Source data:
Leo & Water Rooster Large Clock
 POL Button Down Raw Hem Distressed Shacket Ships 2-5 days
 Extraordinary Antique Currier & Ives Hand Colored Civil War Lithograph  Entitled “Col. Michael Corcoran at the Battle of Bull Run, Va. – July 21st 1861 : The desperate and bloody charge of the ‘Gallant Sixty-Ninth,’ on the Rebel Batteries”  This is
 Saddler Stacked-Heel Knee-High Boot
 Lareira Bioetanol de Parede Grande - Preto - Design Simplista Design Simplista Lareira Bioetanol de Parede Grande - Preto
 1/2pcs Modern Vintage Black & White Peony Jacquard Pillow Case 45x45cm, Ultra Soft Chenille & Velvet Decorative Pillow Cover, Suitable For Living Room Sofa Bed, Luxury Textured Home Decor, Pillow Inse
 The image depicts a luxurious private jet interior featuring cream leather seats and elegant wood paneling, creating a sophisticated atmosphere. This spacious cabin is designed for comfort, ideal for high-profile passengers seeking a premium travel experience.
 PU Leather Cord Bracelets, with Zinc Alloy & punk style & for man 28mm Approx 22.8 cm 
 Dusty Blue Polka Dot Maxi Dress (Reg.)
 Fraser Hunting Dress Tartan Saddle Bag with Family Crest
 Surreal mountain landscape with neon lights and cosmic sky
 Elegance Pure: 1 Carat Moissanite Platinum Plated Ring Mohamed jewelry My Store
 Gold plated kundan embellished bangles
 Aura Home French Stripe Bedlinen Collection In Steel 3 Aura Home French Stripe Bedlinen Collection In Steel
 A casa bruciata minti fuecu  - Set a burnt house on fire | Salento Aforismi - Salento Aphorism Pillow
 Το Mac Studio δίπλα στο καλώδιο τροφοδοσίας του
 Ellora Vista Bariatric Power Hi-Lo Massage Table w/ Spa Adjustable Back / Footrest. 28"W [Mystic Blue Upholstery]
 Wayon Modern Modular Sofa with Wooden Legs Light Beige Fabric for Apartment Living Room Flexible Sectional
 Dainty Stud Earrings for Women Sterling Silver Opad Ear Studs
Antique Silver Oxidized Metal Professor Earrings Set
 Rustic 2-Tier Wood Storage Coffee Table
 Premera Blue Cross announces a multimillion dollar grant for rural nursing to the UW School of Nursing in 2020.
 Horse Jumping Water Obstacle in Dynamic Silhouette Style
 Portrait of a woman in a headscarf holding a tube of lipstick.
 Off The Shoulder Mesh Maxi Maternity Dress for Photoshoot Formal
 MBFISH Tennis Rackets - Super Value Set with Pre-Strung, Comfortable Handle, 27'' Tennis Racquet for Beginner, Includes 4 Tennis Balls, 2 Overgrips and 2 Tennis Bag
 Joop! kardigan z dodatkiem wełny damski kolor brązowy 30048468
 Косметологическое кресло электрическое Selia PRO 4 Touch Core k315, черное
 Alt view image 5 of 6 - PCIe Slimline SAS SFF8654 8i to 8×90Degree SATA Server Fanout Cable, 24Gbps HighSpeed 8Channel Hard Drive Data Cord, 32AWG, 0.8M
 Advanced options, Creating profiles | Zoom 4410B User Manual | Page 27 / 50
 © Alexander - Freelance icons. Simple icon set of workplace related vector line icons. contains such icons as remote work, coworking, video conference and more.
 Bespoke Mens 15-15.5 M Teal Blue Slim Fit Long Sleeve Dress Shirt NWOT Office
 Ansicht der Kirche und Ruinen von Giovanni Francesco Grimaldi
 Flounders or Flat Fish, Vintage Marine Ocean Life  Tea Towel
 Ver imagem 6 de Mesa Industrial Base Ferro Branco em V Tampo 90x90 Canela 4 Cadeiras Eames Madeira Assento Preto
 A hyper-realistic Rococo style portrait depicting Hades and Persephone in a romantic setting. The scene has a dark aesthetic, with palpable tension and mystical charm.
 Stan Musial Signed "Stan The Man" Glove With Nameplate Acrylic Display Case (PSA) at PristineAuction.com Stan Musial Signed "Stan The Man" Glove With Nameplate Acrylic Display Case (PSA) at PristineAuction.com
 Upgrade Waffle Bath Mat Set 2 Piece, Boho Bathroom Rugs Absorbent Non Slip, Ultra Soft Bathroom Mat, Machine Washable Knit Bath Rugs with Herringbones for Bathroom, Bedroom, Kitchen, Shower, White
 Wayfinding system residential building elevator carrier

• _Problem_
From the records above, copy out the line with "Horse Jumping Water", the line with "Alt view image", and every line between them, word for word.

• _Your response_
 Horse Jumping Water Obstacle in Dynamic Silhouette Style
 Portrait of a woman in a headscarf holding a tube of lipstick.
 Off The Shoulder Mesh Maxi Maternity Dress for Photoshoot Formal
 MBFISH Tennis Rackets - Super Value Set with Pre-Strung, Comfortable Handle, 27'' Tennis Racquet for Beginner, Includes 4 Tennis Balls, 2 Overgrips and 2 Tennis Bag
 Joop! kardigan z dodatkiem wełny damski kolor brązowy 30048468
 Косметологическое кресло электрическое Selia PRO 4 Touch Core k315, черное
 Alt view image 5 of 6 - PCIe Slimline SAS SFF8654 8i to 8×90Degree SATA Server Fanout Cable, 24Gbps HighSpeed 8Channel Hard Drive Data Cord, 32AWG, 0.8M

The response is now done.